ASSIGNMENT ▸ In the records below, locate the line containing "y si acaba de"; output that line and every following line through the last, exactly.

INFORMATION SHOWN ▸

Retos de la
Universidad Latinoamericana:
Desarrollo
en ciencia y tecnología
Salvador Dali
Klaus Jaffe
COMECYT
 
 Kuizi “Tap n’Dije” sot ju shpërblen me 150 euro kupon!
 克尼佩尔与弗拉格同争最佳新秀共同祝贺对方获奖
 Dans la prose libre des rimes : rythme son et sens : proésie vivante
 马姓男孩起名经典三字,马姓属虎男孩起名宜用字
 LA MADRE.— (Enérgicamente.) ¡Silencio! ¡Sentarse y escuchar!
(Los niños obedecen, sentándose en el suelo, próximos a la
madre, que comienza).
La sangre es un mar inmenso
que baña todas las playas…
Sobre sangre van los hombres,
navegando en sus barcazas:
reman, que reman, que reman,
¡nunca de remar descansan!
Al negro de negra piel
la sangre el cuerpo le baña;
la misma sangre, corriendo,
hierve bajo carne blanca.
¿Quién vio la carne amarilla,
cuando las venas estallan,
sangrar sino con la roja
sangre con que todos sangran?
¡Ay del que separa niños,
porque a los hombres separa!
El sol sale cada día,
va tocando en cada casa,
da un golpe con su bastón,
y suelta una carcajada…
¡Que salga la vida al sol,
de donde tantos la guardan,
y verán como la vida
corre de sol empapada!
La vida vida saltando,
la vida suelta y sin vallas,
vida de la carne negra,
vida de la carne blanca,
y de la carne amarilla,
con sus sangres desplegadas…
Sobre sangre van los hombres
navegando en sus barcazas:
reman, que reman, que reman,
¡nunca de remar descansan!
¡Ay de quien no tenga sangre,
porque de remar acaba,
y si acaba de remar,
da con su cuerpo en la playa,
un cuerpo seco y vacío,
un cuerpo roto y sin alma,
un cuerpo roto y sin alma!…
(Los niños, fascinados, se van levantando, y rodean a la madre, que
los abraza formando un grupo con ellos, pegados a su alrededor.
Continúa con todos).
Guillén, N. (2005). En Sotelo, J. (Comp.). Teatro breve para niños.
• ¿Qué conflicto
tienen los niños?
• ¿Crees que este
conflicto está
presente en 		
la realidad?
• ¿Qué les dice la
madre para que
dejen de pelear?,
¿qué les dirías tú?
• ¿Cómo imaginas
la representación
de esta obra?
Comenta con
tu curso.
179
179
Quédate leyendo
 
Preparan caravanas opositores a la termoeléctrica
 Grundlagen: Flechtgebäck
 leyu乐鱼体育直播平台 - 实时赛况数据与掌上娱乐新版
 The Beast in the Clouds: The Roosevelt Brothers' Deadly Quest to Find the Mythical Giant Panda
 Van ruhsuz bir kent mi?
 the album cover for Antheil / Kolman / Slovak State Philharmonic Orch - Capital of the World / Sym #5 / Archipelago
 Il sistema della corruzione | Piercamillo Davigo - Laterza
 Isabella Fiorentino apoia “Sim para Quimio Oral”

OUTPUT FOR THIS EXERCISE ▸
y si acaba de remar,
da con su cuerpo en la playa,
un cuerpo seco y vacío,
un cuerpo roto y sin alma,
un cuerpo roto y sin alma!…
(Los niños, fascinados, se van levantando, y rodean a la madre, que
los abraza formando un grupo con ellos, pegados a su alrededor.
Continúa con todos).
Guillén, N. (2005). En Sotelo, J. (Comp.). Teatro breve para niños.
• ¿Qué conflicto
tienen los niños?
• ¿Crees que este
conflicto está
presente en 		
la realidad?
• ¿Qué les dice la
madre para que
dejen de pelear?,
¿qué les dirías tú?
• ¿Cómo imaginas
la representación
de esta obra?
Comenta con
tu curso.
179
179
Quédate leyendo
 
Preparan caravanas opositores a la termoeléctrica
 Grundlagen: Flechtgebäck
 leyu乐鱼体育直播平台 - 实时赛况数据与掌上娱乐新版
 The Beast in the Clouds: The Roosevelt Brothers' Deadly Quest to Find the Mythical Giant Panda
 Van ruhsuz bir kent mi?
 the album cover for Antheil / Kolman / Slovak State Philharmonic Orch - Capital of the World / Sym #5 / Archipelago
 Il sistema della corruzione | Piercamillo Davigo - Laterza
 Isabella Fiorentino apoia “Sim para Quimio Oral”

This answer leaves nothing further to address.